My brother and I grew up on an orchard, I think I’ve told you that before. It was within the the orchard I learned to love solitude– of being surrounded by things called nature.
Often times I would take myself out into the orchards and lay down (sometimes in the ditches), totally oblivious of getting weeds and leaves in my hair or stuck to my clothes; stare up into the leaves of the trees–the sight more beautiful than any photograph could ever be.
Spring, winter, summer, fall I was washed with sunlight, starlight and the beams of the moon.

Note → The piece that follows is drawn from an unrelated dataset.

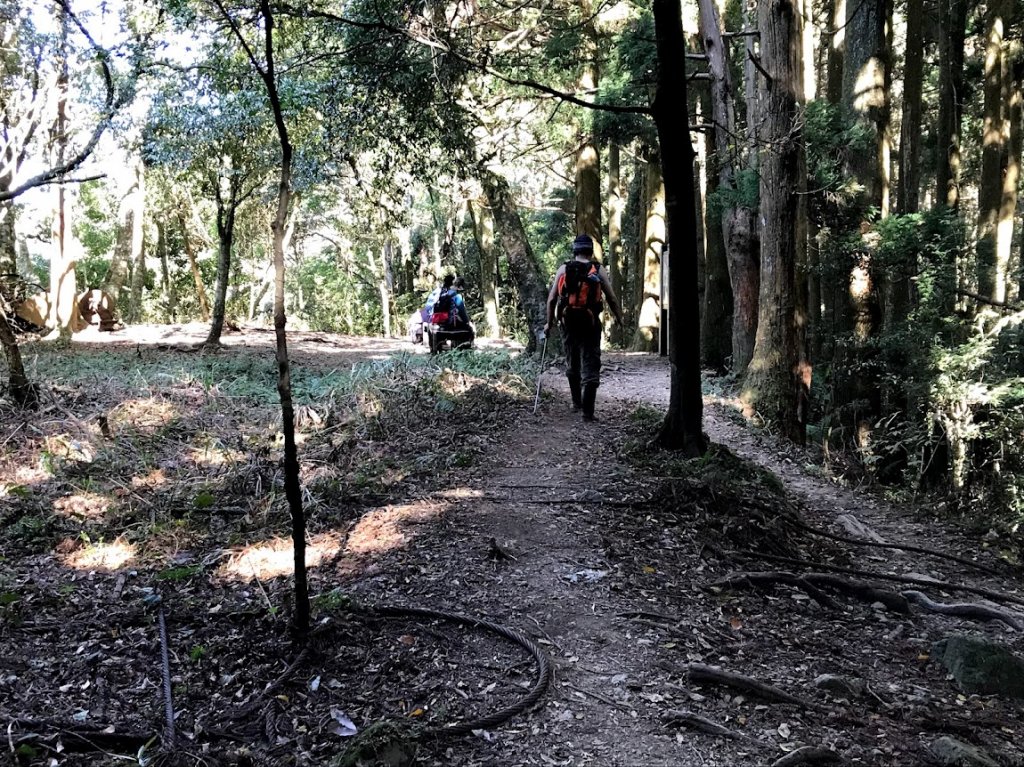 加里山大坪登山口20191124_1965194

I told you this story, because I guess I need to confess, I’m tired anymore. I’ve taken two rather bad tumbles lately, one on the ditch bank, where I actually fell quiet flat on my back and probably would have made a great clip for America’s Funniest Home Videos. And yesterday, when I slid sideways, throwing myself completely flat on my right side, my head hanging down into the little creek at the bottom of the slight hill.

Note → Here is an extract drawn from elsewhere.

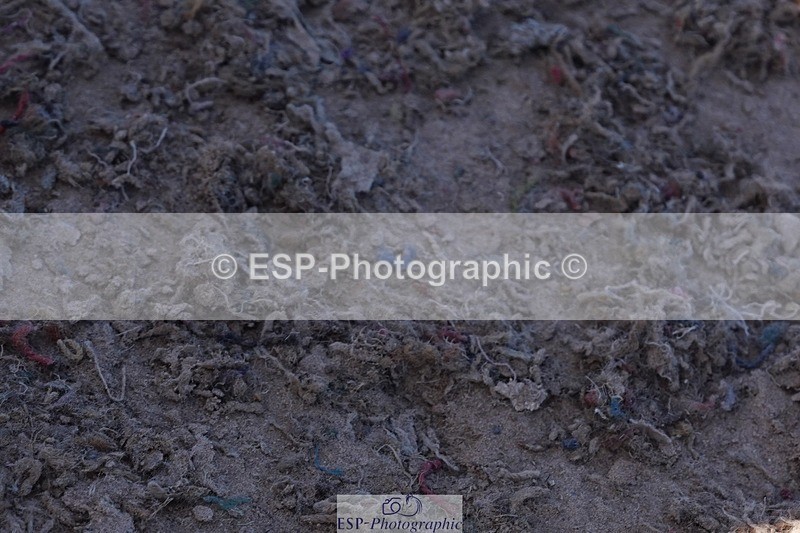 250503-143328-01558 - Cls 28 Springboard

I was on a trail in the Old Apricot Orchard— checking fences, so Romeo (Shannon’s) horse couldn’t get out. I laid there looking up at the sky, weeds and grasses way over my head–fat bees buzzed nearby, a drove of gnats swarmed overhead, and a ladybug stopped dead in her tracks, on a blade of grass, to see what fell into her perfect little world.
Laying there caused me to remember those carefree days of willfully lying down amongst the plant life as a child.
This morning Terry confessed he was very tired also. “We are getting old,” he sadly said. “We just can’t work like we use to do.”
“Maybe we ARE old”, I replied. “But, maybe, just maybe, what we really need is a break from work. Maybe what we need is to do something so different our minds and bodies can rest.”
“A min-vacation!” Terry exclaimed. “But first—there is the pinto bean harvest to get through!” Which gave us a good laugh.